■ TASK OBJECTIVE:
What you return must be the full listing, word for word, with no images in it.
*** RECORDED DATA ***
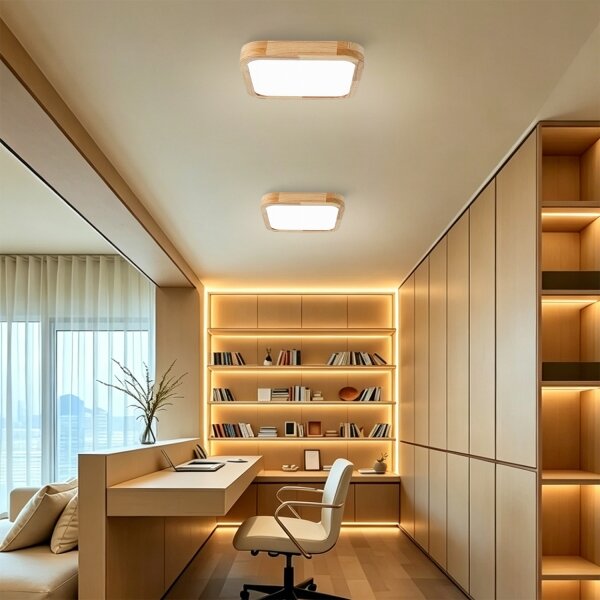 Brilagi - LED Stmív. svítidlo WOODLINE SQUARE LED/48W/230V dub 40x40 cm + DO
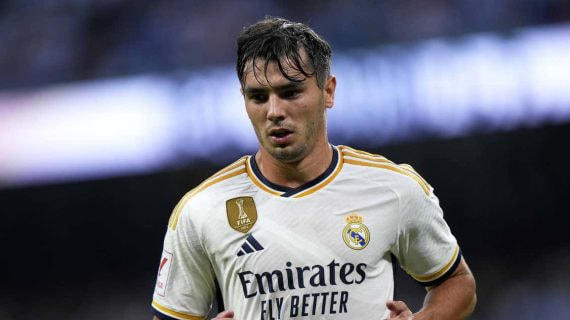 Brahim Díaz, futbolista del Real Madrid.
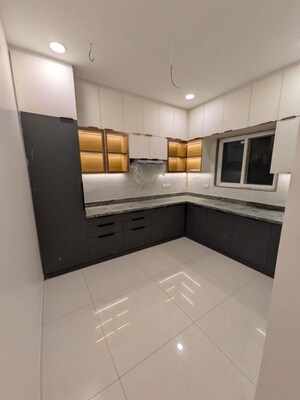 Kitchen in 3 BHK Apartment at Rainbow Vistas, Hi Tech City – for Rent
*** End of RECORDED DATA ***
■ EXERCISE SOLUTION:
 Brilagi - LED Stmív. svítidlo WOODLINE SQUARE LED/48W/230V dub 40x40 cm + DO
 Brahim Díaz, futbolista del Real Madrid.
 Kitchen in 3 BHK Apartment at Rainbow Vistas, Hi Tech City – for Rent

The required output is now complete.